Pain is one of the most feared consequences of cancer. Pain is a major symptom in 75% of hospitalized cancer patients. Poorly relieved pain contributes to the suffering of the patient and family, which may motivate them to seek additional complementary and alternative therapies. Evidence-based complementary therapies are being used for symptom control and to improve quality of life. There is recent research on several complementary therapies—acupuncture, mind-body therapies, massage, reflexology, and Reiki—that provides evidence for pain management. These therapies are not well utilized due to a lack of information on benefits, risks, and resources. There is a call for education to alert patients, families, nurses, and physicians to the benefits of evidence-based complementary therapies and to the dangers of "unproven" cancer therapies. Oncology nurses are ideally positioned to assess patients' pain, to educate patients, to determine with the patient and physician the most appropriate and safe complementary therapy for pain, to refer patients to appropriate resources, and in some cases to provide the therapy itself. This article will discuss specific complementary therapies for pain control and will arm nurses with the confidence to intervene with knowledge, referrals, and ideas for hands-on implementation.
Susan Berenson has written a very nice introduction and overview of the use of complementary and alternative therapies for pain and symptom management in cancer patients. She makes a very clear case for why complementary therapy should be a required course for health-care professionals. She is correct that lack of knowledge provides a deficit in the nurse's or physician's ability to recommend appropriate complementary and alternative therapies to patients.
As the number of published evidenced-based studies grows, the use of these interventions will also grow.

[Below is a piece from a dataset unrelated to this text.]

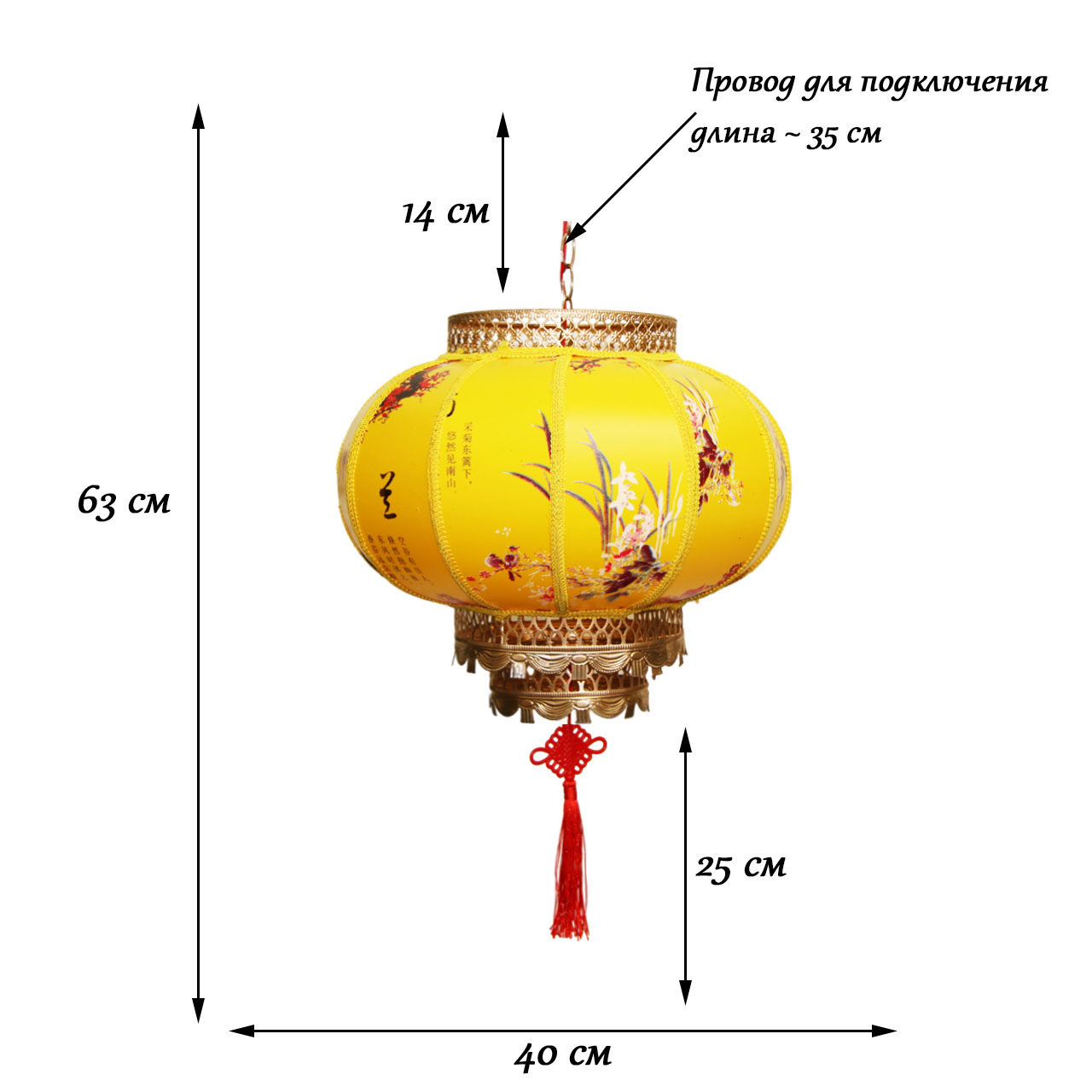 Китайский подвесной фонарь с цоколем d-40 см, №7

Berenson has presented some of the classic references in complementary medicine and provided some resources that will be helpful for nursing professionals to build their understanding of complementary and alternative therapies. The article's pretherapy nursing assessment section will help the nursing professional to understand some important aspects of complementary and alternative therapies and their relationship to the patient's health status. Ideally, we would have liked to see more recommendations on which therapy is most appropriate for which source of pain. The data on acupuncture and neuropathy pain are very interesting, and provide a new resource to add to the oncology nurse's armamentarium of interventions necessary for the relief of that very debilitating source of pain.
Unfortunately, lack of knowledge continues to prevent effective pain management for cancer patients. Certainly managing pain for cancer patients should include integrating complementary and alternative therapies along with traditional medicine interventions as appropriate.